→ GIVEN INFORMATION
──────────

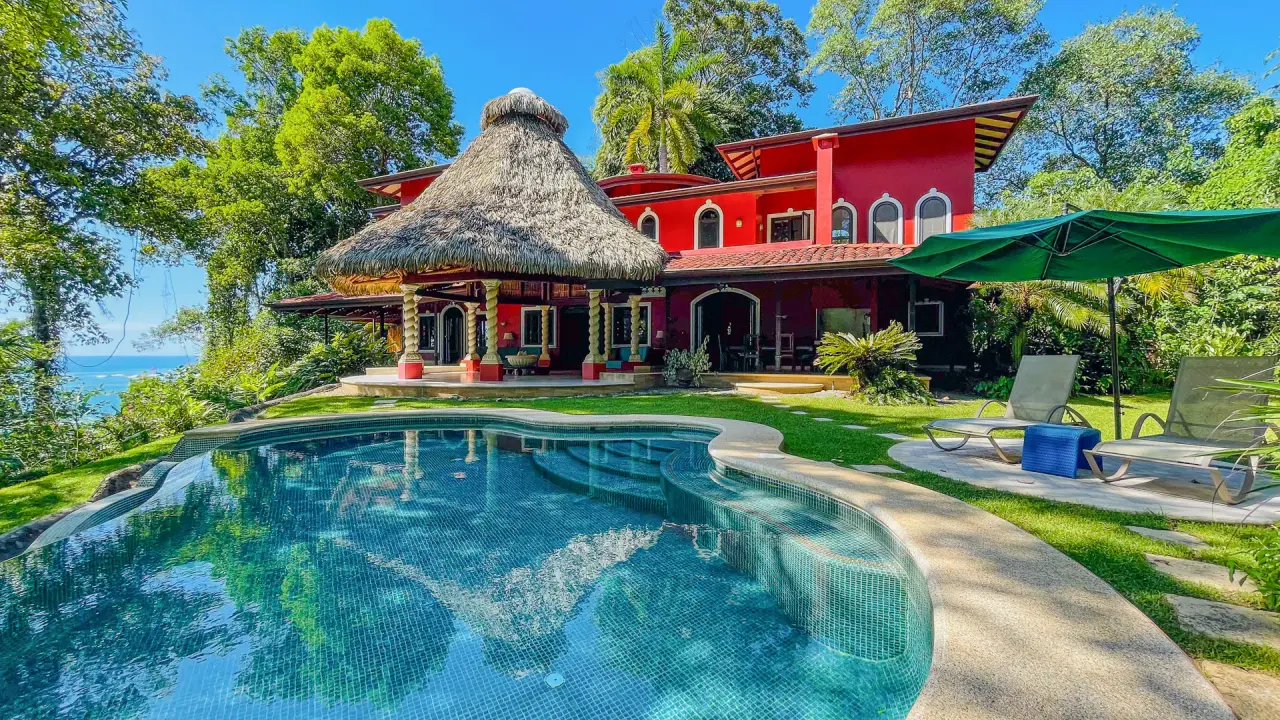 JOYA DE LA CORONA DEL PACÍFICO: UNA EXCEPCIONAL FINCA COLONIAL CON FRENTE AL MAR EN DOMINICAL - 1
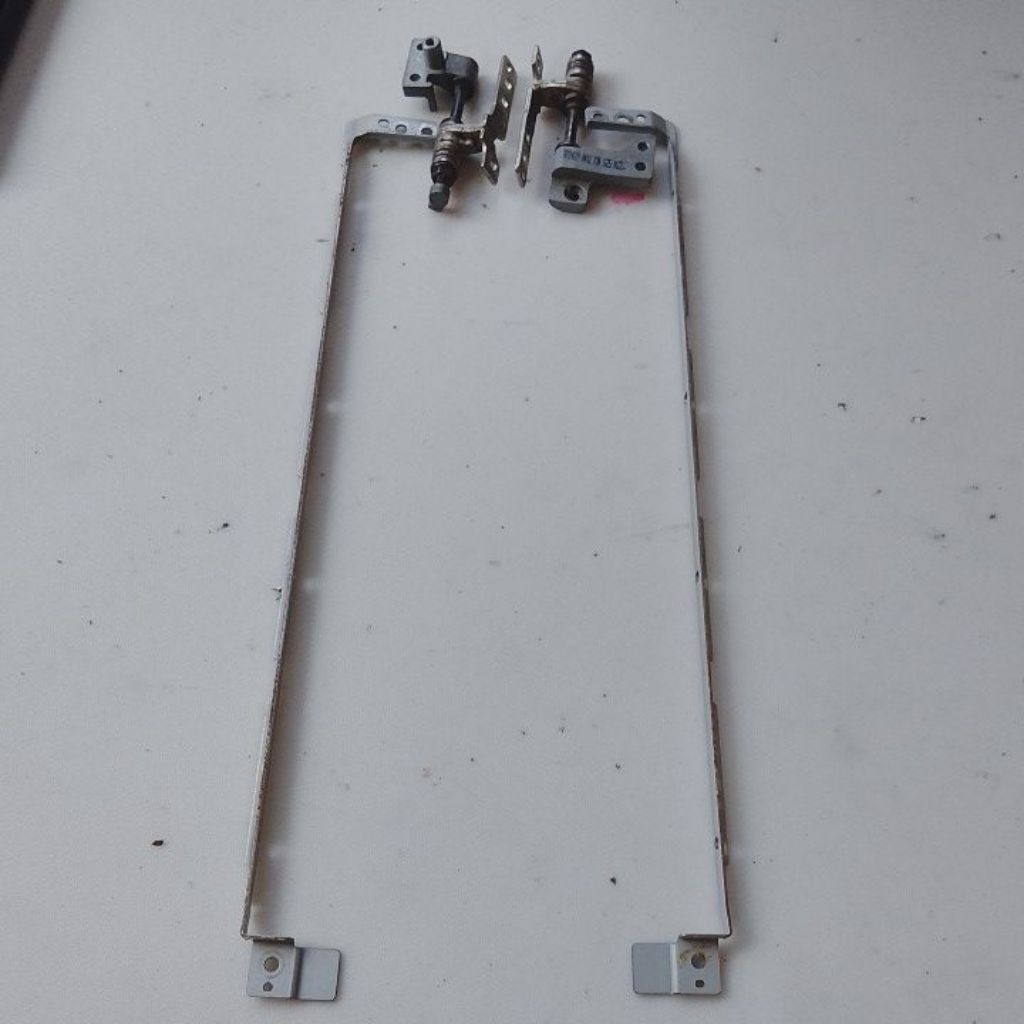 บานพับแล็ปท็อป Compaq Presario V3000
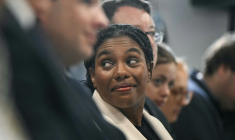 La cheffe du Parti conservateur, Kemi Badenoch (au centre), écoute une conférence de presse dans le centre de Londres, le 19 août 2026 ( AFP / JUSTIN TALLIS )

──────────

→ HOW TO COMPLETE THIS TASK
Transcribe the listing exactly. Its images are to be omitted.

→ ANSWER FOR THIS EXERCISE
 JOYA DE LA CORONA DEL PACÍFICO: UNA EXCEPCIONAL FINCA COLONIAL CON FRENTE AL MAR EN DOMINICAL - 1
 บานพับแล็ปท็อป Compaq Presario V3000
 La cheffe du Parti conservateur, Kemi Badenoch (au centre), écoute une conférence de presse dans le centre de Londres, le 19 août 2026 ( AFP / JUSTIN TALLIS )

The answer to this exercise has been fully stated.